/ Modified nov 7, 2012 10:11 a.m.

U.S. House: Grijalva Wins; 2 Others Too Close to Call

CD 2: McSally ahead of Barber; CD 1: Kirkpatrick leads Paton

Raul Grijalva declared victory Tuesday night for a sixth congressional term, as he easily fended off Republican challenger Gabriela Saucedo Mercer in Congressional District 3.

Watch Grijalva's victory speech:


Grijalva had 57.1 percent of the votes to Saucedo Mercer's 38.6 percent, with about one-fourth of the precincts counted in the heavily Democratic district.

Watch interview with Saucedo Mercer:


Southern Arizona's other two congressional races were too close to call.

In CD 2, Republican Martha McSally took a 1,312-vote lead over Democratic incumbent Congressman Ron Barber, with an untold number of provisional and other ballots still to be counted. Her lead was six-tenths of 1 percentage point.

McSally election night portrait Congressional candidate Martha McSally. (PHOTO: AZPM)

McSally was planning a 10:30 a.m. news conference in Tucson after signing off late Tuesday by telling her supporters that she was optimistic but wanted to wasit for definitive results.

Barber election night portrait U.S. Rep. Ron Barber, D-Ariz.

"We will continue to watch the results through the hours and days," Barber told supporters late Tuesday.

In CD 1, former Democratic congresswoman Ann Kirkpatrick took a 6,504-vote lead over Republican Jonathan Paton. Votes from two of the district's 339 precincts and provisionals remained to be counted.

Paton spoke at the GOP rally in Tucson Tuesday night, expressing cautious optimism that votes from his home county, Pima, would carry him.

The three congressional races all centered on one theme: the economy.

The region for the last two decades has been represented by two members of Congress. Redistricting this year brought a third district into Southern Arizona, District 1, covering the northernmost parts of Pima County and extending north all the way to the Utah line.

Watch Paton's interview with AZPM:


The issue that dominated the presidential race was also the most important for the federal candidates running to represent the state in Congress. Immigration, abortion and health care, all important issues, were nudged to the back burner by consistent discussions of job growth and the economy.

Candidates sparred on taxation policy, with Southern Arizona Democratic candidates generally saying they support extending the Bush-era tax cuts to low- and middle-income earners, while Republicans generally support keeping all the cuts in place, including for the highest earners.

Health care reform was also highlighted as an economic issue, with Republicans saying the Affordable Care Act will cost businesses money and prevent them from expanding and adding jobs. Democrats said the reforms will protect benefits such as Medicare that people paid for while working.

Republicans said the act’s cuts to Medicare funding will cripple it, and other options are necessary, while Democrats said the cuts eliminate waste and will keep the program solvent longer.


Former U.S. Rep.

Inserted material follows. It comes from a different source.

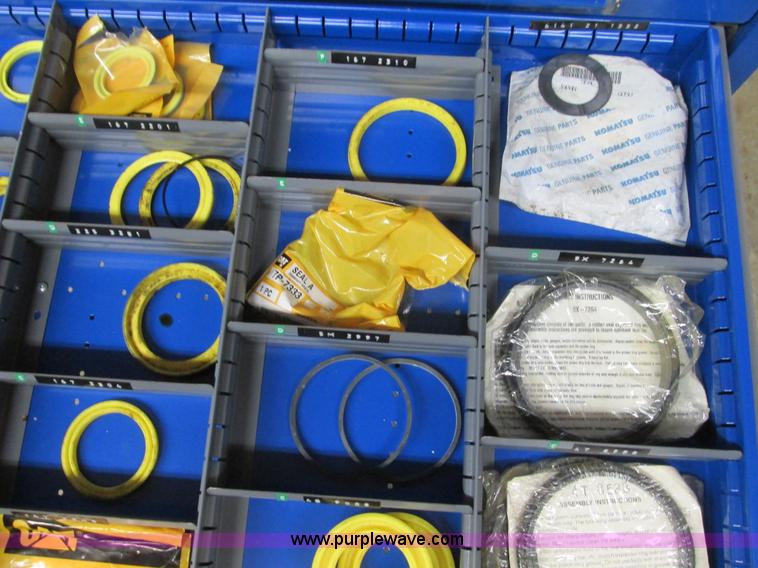 image for item V9962 Equipto parts bin and assorted Caterpillar parts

Ann Kirkpatrick, a Democrat from Flagstaff, and former state Sen. Jonathan Paton, a Republican from Tucson, battled for the seat. Libertarian Kim Allen also was on the ticket.

Kirkpatrick represented much of the same district in 2009 and 2010 before losing a reelection bid in 2010. Paton resigned his state Senate seat in 2010 to run in then Congressional District 8 but lost in the primary.

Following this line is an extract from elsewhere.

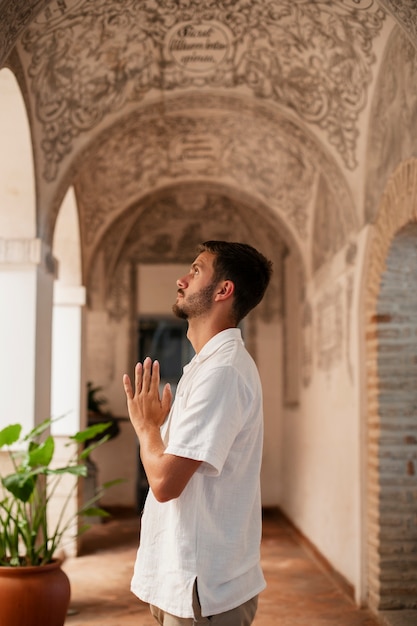 Free photo medium shot young man praying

Democrat Ron Barber and Republican Martha McSally faced off in a district that encompasses much of Tucson, eastern Pima County and all of Cochise County along the Mexican border.

Barber is the incumbent, having won the Congressional District 8 seat in a special election in June, following the January resignation of Gabrielle Giffords. He served as Giffords district director at the time they both were wounded in the Jan. 8, 2011 Tucson shooting that took six lives and left 11 others injured.

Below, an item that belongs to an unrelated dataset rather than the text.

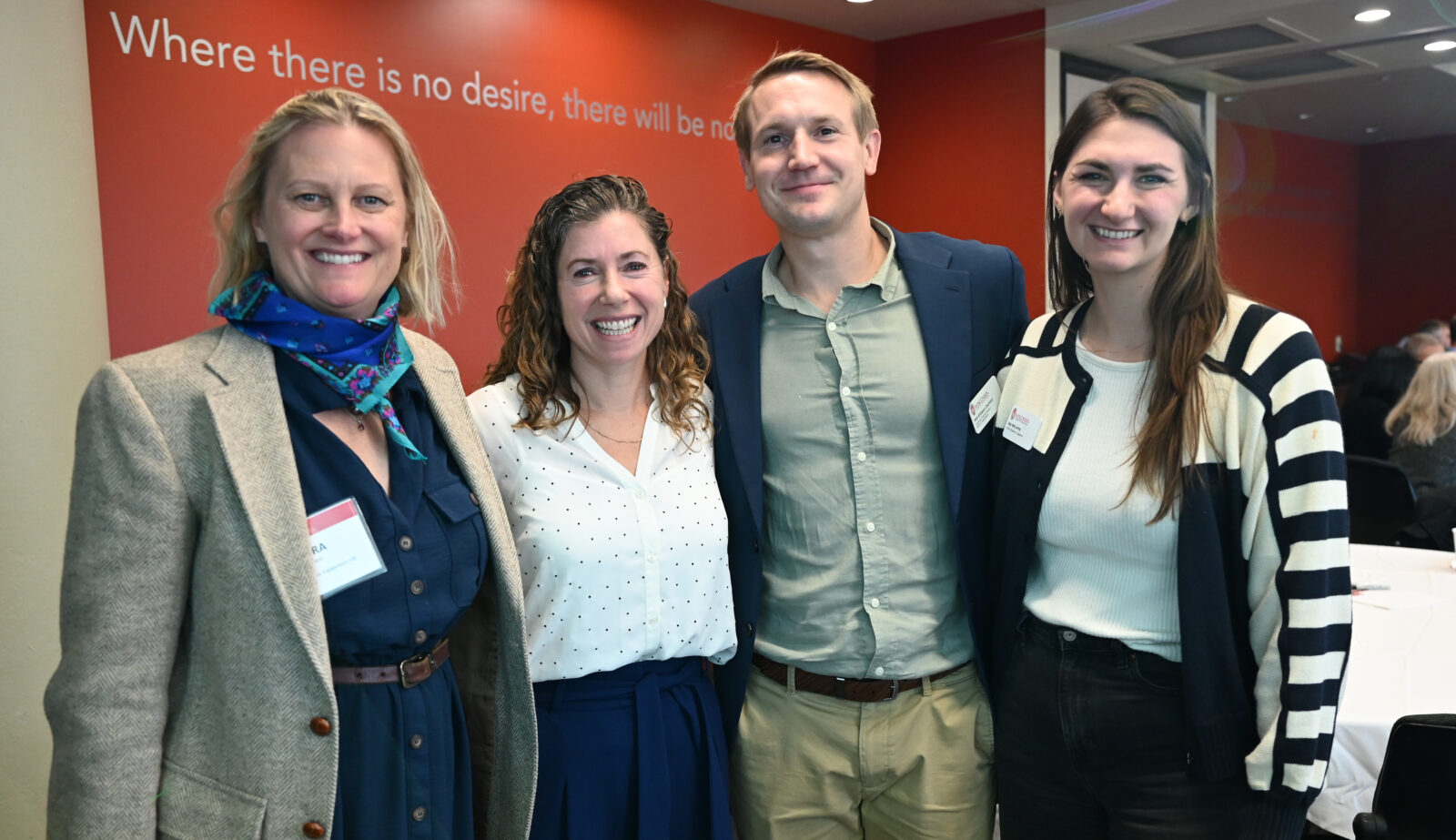 Four people stand together, posed for a photo.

McSally is a retired Air Force colonel who was the first female fighter pilot, having flown missions in the Iraqi no-fly zone in the 1990s and commanding a fighter squadron.

Barber sought to portray himself as politically similar to Giffords, who was considered a moderate. McSally said her conservative approach is more suited to the district and that Barber is too liberal.


Incumbent Democrat Raúl Grijalva won his sixth term, having first been elected to Congress in 2002. He was challenged by Republican Gabriela Saucedo Mercer, a naturalized citizen who was born in Mexico, and Libertarian Blanca Guerra.

Grijalva campaigned on his record as a progressive. He has served for several years as co-chair of the Congressional Progressive Caucus. Saucedo Mercer attacked Grijalva as being soft on immigration enforcement and border security, while he said he supports comprehensive immigration reform and a path to citizenship for those in the country illegally.

Saucedo Mercer said those who wish to move to the United States must do so legally, although she would like to see the process expedited.